4.4.4 DBH x Commercial height relationships by APU

Code
ggplot(if100_romaneio, aes(x = DAP, 
                           y = Altura, 
                           color = nome_florabr)) +
  geom_point(alpha = 0.6, 
             size = 1.5) +
  geom_smooth(
    method = "lm",
    se = TRUE,
    color = "black",
    linewidth = 1
  ) +
  facet_wrap(~ codigo) +
  theme_minimal() +
  labs(
    x = "DBH (cm)",
    y = "Commercial Height (m)",
    title = "DBH x Commercial Height relationship by APU",
    subtitle = "Forest inventories"
  ) +
  guides(color = "none")
`geom_smooth()` using formula = 'y ~ x'

4.4.5 Permanent plots

Let’s see permanent plots structures. We will use only the first measurement (before exploitation).

Code
pps$cod_parcela <- paste(pps$cod_upa,
                             pps$p23_cdparcela,
                             sep = "_")
                          

mean_dbh_plot_first_year <- pps %>%
                              group_by(cod_parcela) %>%
                              filter(p23_cdmedicao == min(p23_cdmedicao)) %>%
                              mutate(cod_parcela_ano = paste(cod_parcela,
                                                             p23_cdmedicao,
                                                             sep="_")) %>%
                              summarise(mean_DAP = mean(diametrocm, na.rm = TRUE))

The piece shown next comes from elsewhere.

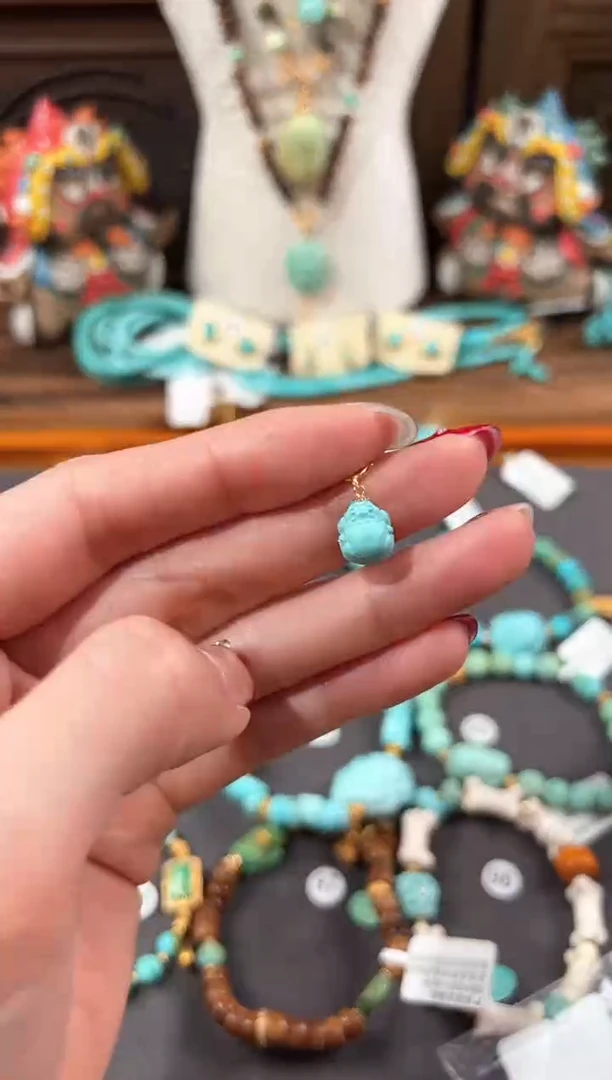 【闪购商品】绿松石提溜18K金镶嵌绿松石提溜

max_plot <- mean_dbh_plot_first_year[
  which.max(mean_dbh_plot_first_year$mean_DAP), ]

min_plot <- mean_dbh_plot_first_year[
  which.min(mean_dbh_plot_first_year$mean_DAP), ]



binwidth_fd <- 2 * IQR(mean_dbh_plot_first_year$mean_DAP,
                       na.rm = TRUE) / length(mean_dbh_plot_first_year$mean_DAP)^(1/3)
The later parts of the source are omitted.